Security and Privacy Considerations

A more detailed discussion about security and privacy can be found in the Security and Privacy self review.

Cross-site covert channeling

In Chromium, Safari and Firefox it is already possible to intentionally communicate between different origins using audio glitches (see explanation here). This side channel has a very high latency, is audible to the user, and degrades system performance, so it is unlikely to be useful to attackers.

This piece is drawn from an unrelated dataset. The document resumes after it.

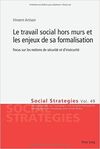 LE TRAVAIL SOCIAL HORS MURS ET LES ENJEUX DE SA FORMALISATION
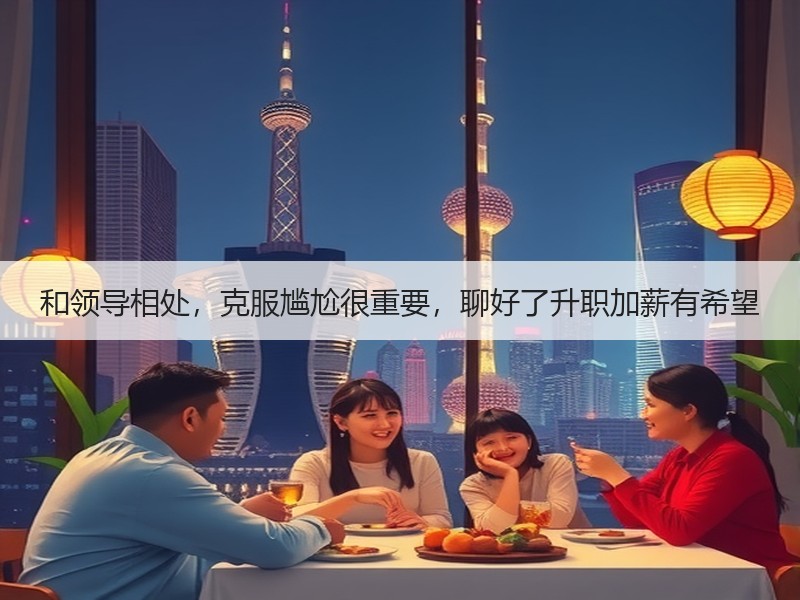 和领导相处，克服尴尬很重要，聊好了升职加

It would be good if the introduction of the Playout Statistics API for WebAudio does not reduce the latency of this side channel. We could do this by limiting the rate at which the information provided by the API is updated, similar to the Rate limitation used for the ComputePressure API. This would increase the latency of any attempts to communicate using the glitch information, ensuring that the audio glitch-based side channel is not made more useful.

Usage

The proposed WebAudio RenderCapacity API gives information about how much load the audio rendering thread is under, and the ratio of glitches that are occurring if that load exceeds 100%. This is intended to allow applications to react when the rendering thread is approaching maximum load, in which case the application can proactively reduce the complexity of the audio computations to avoid audio glitches occurring.

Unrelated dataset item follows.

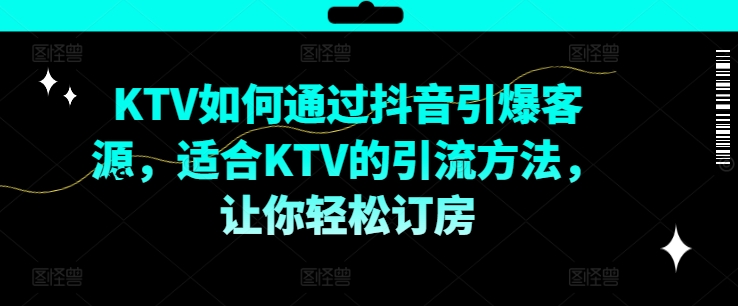 KTV抖音短视频营销，KTV如何通过抖音引爆客源，适合KTV的引流方法，让你轻松订房-三月轻创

The Playout Statistics API for WebAudio that we are proposing in this explainer gives audio glitch and delay information about the user-experienced audio playout, but no information about the usage of the rendering thread. This is intended to measure user experience across the population, and can also be used to react to when glitches occur, in which case the application can reduce complexity of audio computations or prompt the user to take some action, such as closing unused applications.

Security risks

The RenderCapacity API gives information about the usage of the rendering thread even when there are no audio glitches, while the Playout Statistics API never gives any direct information about the rendering thread. Both APIs report audio glitches, the presence of which could mean that the rendering thread is overloaded but could also have a number of other explanations, as described in the Side-channeling section of the Security and Privacy self review. This means that the RenderCapacity API gives more information about CPU usage than the Playout Statistics API. Therefore we believe that the Playout Statistics API is safer than the RenderCapacity API.

Considered alternatives

Alternative delay definition

Alternatively, we can just define a totalPlayoutDelay similar to https://w3c.github.io/webrtc-stats/#dom-rtcaudioplayoutstats-totalplayoutdelay.

In this case we also need to add a total frames count attribute: When audio frames are pulled by the playout device, this counter is incremented with the number of frames emitted for playout. Note that we won't be able to calculate minimum/maximum latency with this approach.

readonly attribute double totalPlayoutDelay;
readonly attribute unsigned long long totalFramesCount;